B2B sectors, here, refer to organisations such as banks, large financial institutions, and the manufacturing sector as well. Also, at this instant of time, it is worth remembering that after Indian prime minister Narendra Modi announced the ambitious Digital India initiative, the number of cyber-criminals and hackers have only multiplied.
With this being the criteria, Rahul R of Electronics For You interacted with AP Ramabhadran who is senior vice-president at Bengaluru-based Manipal Global Education on various cyber security aspects and the role of our government in combating these attacks.
Q. What is the importance of cyber security in the 2017 Digital India scheme of things? How to engineer the best cyber security solutions that can be practically implemented?
A. Rapid digitization initiatives worldwide emphasize the need for more native cyber security measures. As we enter the ‘Fourth Industrial Revolution’ with Internet of Things and advances in machine intelligence, it is more imperative to make cyber security and privacy at the center of this transformation.
Modern Threat actors are very powerful with unlimited resources and time. There is an important nuance between engineering cyber security solutions and engineering any solutions that are natively secure.
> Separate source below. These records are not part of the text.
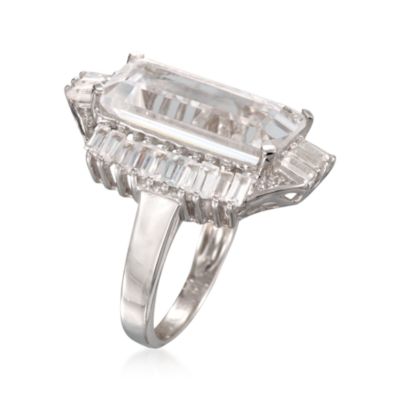 Rock Crystal and .75 ct. t.w. White Topaz Cocktail Ring in Sterling Silver &mdash; Alt Image 3
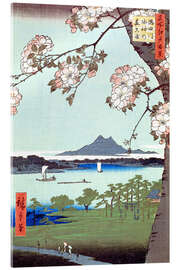 Tableau en verre acrylique  Masaki et la forêt de Suijin près du fleuve Sumida - Utagawa Hiroshige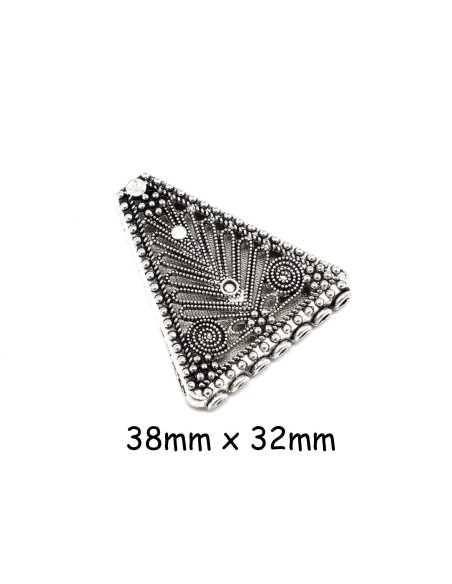 Pendentif Connecteur intercalaire triangle en métal argenté style ethnique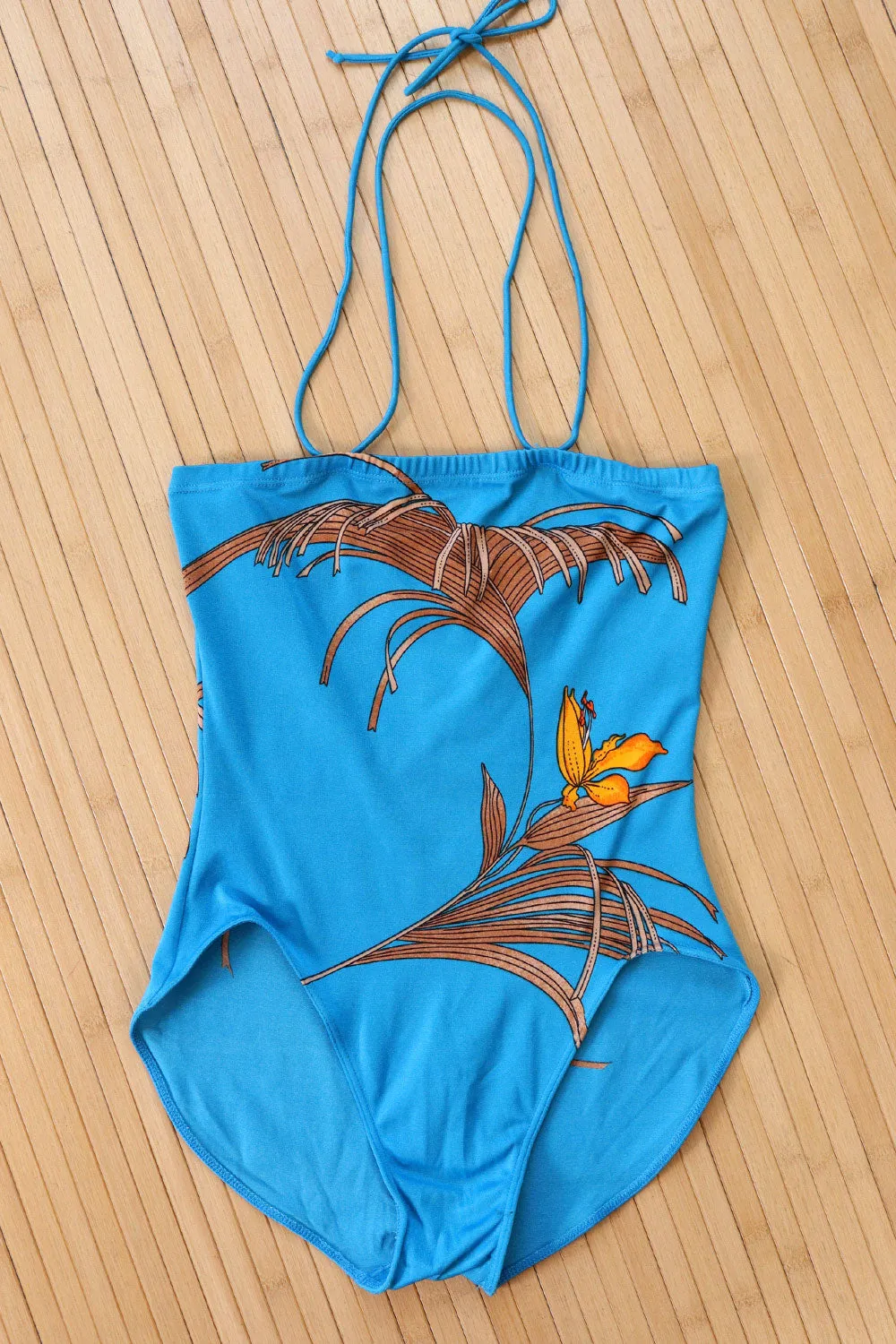 1970s Bright Blue Botanical One Piece XS/S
To combat them Simplification, Automation, Open Architectures are needed in both areas.
Q. What, according to you (being an experienced industry professional) is the current focus of our government on cyber security? How do you think that the government is promoting international collaborations digital security?
A. Digital India and the Smart City initiatives of Government of India has a huge emphasis on cyber security. Numerous initiatives like Cyber Swachhata Kendra are started in public-private partnerships to promote cyber security.
Data Security Council of India (DSCI) is also driving many initiatives to foster innovation and adoption in this area by promoting startups and international collaborations.
Q. Since we spoke about initiatives to protect data digitally, what are the best measures that can be taken to check Intellectual Property thefts?
A. Intellectual property is central to any knowledge based society. Intervention of technology and resultant digitization has made almost everything – design, technology, art, and music available in digital form.
In this context, it is important to promote awareness of measures to prevent intellectual property thefts. Cyber literacy will encourage sharing of information digitally only in secure manner with an understanding of threats involved. There is also a need for standardization of cyber security measures aimed at curbing possible threats.